Hurricane Opal was downgraded to a three before it hit but the storm surge of Opal came in at high tide and carved molehills out of the backside of condos. From the front they looked perfectly fine but when you walked around to the back of the building there actually was no building there. The storm surge is a deadly thing.
The first time I actually moved away from Northwest Florida was to transfer with my company a world away to south Florida. The palm trees were taller than the buildings from my hometown. The scent on the air intoxicatingly exotic. The night blooming jasmine, the orchids. I was twenty-one and didn’t know what to expect. North Florida is a land of old oaks, beautiful beaches, slow talkers, and porch rockers. Pine trees. Ft. Lauderdale was fast. It was happening. It became home. I gave birth to a baby boy there in Hollywood just north of Miami where I had friends.

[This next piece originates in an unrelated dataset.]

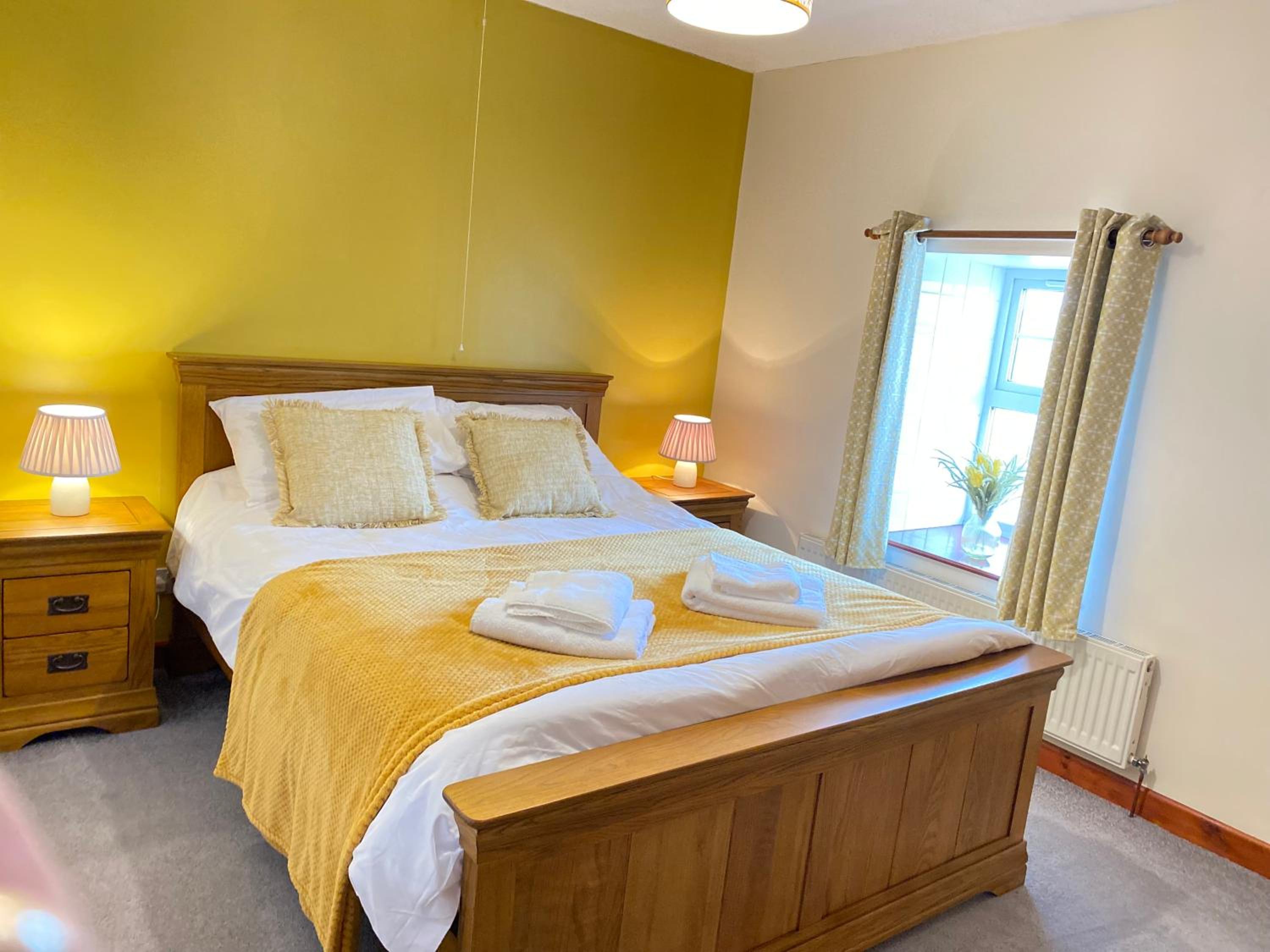 Luxury 5-Bed Farmhouse - Sleeps 8 & Hot Tub view 4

I evacuated one time when it looked like a hurricane was coming in fast and furious and might land as a strong four. My daddy wanted us to get out. Me and my sister packed up two cars with two little boys, two dogs, four puppies, one cat, and all the family photos I could carry. My brakes went out as I skirted storms that sent crashing limbs into the roads. Tornadoes chased us all the way to my Aunt Kate’s door up in Georgia. It was days upon days before the power was back. When we returned the National Guard was still in charge, the power still out.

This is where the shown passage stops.